Antes da democracia havia um modo muito preciso de dividir as pessoas. A cor da pele determinava o cardápio de opções para a vida.
Ao final do apartheid, a economia estava estruturada dessa forma, e a grande expectativa era de que seria transformada. De que haveria cada vez mais diversidade. Mas o ritmo dessa transformação foi muito mais lento do que o esperado. Mais pela maneira como o mercado funciona do que pela falta de vontade dos líderes.
Creio que os governos da África do Sul nos últimos 25 anos tiveram que gastar uma quantia substancial de dinheiro tentando ajudar as pessoas da parte inferior da distribuição de renda. Foram políticas visando a redução da pobreza, mas de forma paliativa. E não com algum tipo de política contra a desigualdade.
Isso é compreensível quando se tem uma grande parcela da população na pobreza, de pessoas que precisavam ter atendidas necessidades tão básicas como comer.
Um sistema educacional diferente teria feito muito. Um melhor treinamento, com um tipo diferente de incentivo e de responsabilidades para professores e diretores.
Ainda estamos em uma posição em que o sistema educacional reproduz a desigualdade. Na verdade, os estudantes sul-africanos têm um desempenho pior do que o de nossos vizinhos.
Podemos fazer melhor do que isso, considerando que nossos vizinhos podem ter menos recursos em relação ao PIB do que nós.
Portanto, há um problema em termos de como o sistema educacional funciona. Não acho que seja culpa de professores, diretores ou do governo. É uma combinação de fatores, mas certamente algo melhor precisa ser feito.
Qual o papel da terra na desigualdade?
Há uma distribuição desigual, e as boas terras estão nas mãos de certos grupos.
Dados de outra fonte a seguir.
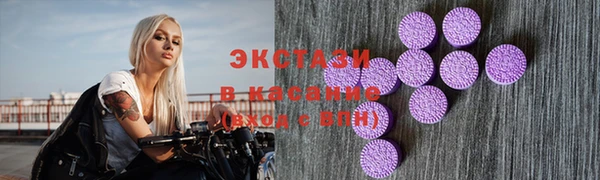 гидра Елабуга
É preciso aceitar que houve irregularidades históricas que precisam ser reparadas. Como consertar isso sem criar muita ruptura na maneira como a economia funciona é uma questão difícil.
Mas acho que a maioria das pessoas concorda que algo precisa ser feito, e há reivindicações historicamente bem fundamentadas para redistribuir a terra. Em teoria, faz sentido proporcionar às famílias unidades pequenas, que lhes deem a oportunidade de usar essas terras.
O racismo ainda desempenha um papel importante na África do Sul?
Acho justo dizer que a discriminação ainda é um grande problema. As pessoas ainda têm preconceitos. Precisamos que elas entendam que essa suposta superioridade é um absurdo. Mas essa é uma mudança cultural.
Mas há outro tipo de discriminação, que tem a ver com a ignorância. Com a falta de conhecimento de que as pessoas de todos os gêneros e de todas as raças podem ser boas.
E isso advém de um tipo de experiência limitado a ambientes muito particulares.